Planning Director’s estimate on processing pot permits: Between 7 and 36 years for all permits received

County of Humboldt Planning Director John Ford was kind enough to give this response to a friend of THC’s inquiry about the total number of commercial cannabis permit application received before year’s end; Ford was also gracious enough to provide an estimate on how many permits the County would work through by year’s end.

Here’s the exchange:

Now, there are a couple of points we’d like to make about this: first, the Planning Department “taking action” on an application is, of course, not the same thing as approving it.

More importantly, let’s look at the anticipated rate of action-taking on permits. Ford (very generous) estimate that the County will take action on 300 of the 2,773 applications received this year means that – at the rate of 300 per year – we will be well into 2024, maybe even 2025, before the first round of applications are addressed. (Assuming the County doesn’t allow more applications in the future.)

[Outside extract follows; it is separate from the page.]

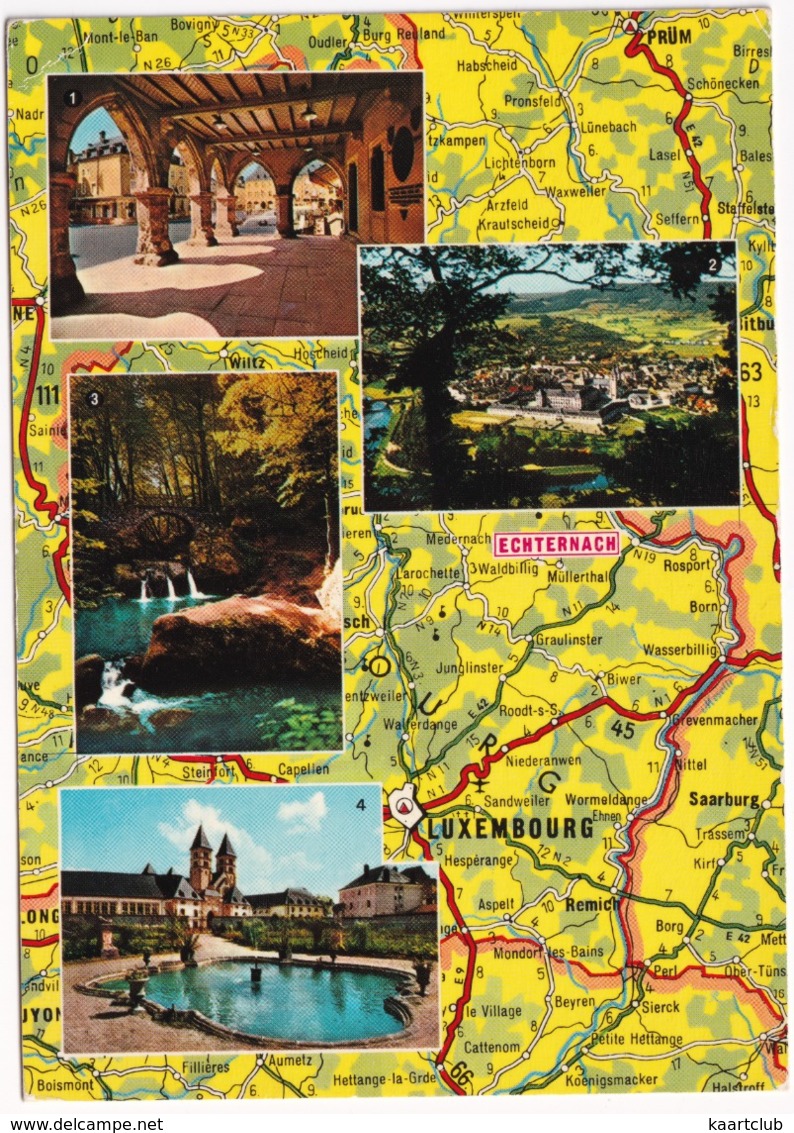 Echternach: Denzelt, Panorama, Schiessentümpel, Basilique St. Willibrord - Extrait Carte HALLWAG - Benelux - Echternach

But if you, like THC, are pretty damn skeptical about 300 applications being processed by year’s end, then you might want to consider the rate at which applications are being approved/processed now.

In terms of approved permits, we’ve got 19 so far, for a rough rate of 76 per year. Which would mean it will take over 36 years to get through all of the submitted apps should they be completed. 36 years in the future is also known as 2053.

This gives us an effective estimate of between 7 and 36 years for the County to handle their work on processing cannabis permits.

Which, as we are sure you are aware, is a big f***ing joke.

All told, this should be taken as yet another indication that the Supervisors didn’t have the faintest clue what they were getting into when they jumped into bed with the cannabis business. Far from cannabis turning into a cash cow, the green industry is turning into a massive drain on the County’s resources.

Of course, all the people waiting in line to get their applications processed once they’ve completed them shouldn’t be too concerned. By the time the County gets through the process – even if it happens in the shortest amount of time predicted – the majority of people won’t have the ability or even want to use those permits, as the green rush will have moved on after picking our area’s bones clean.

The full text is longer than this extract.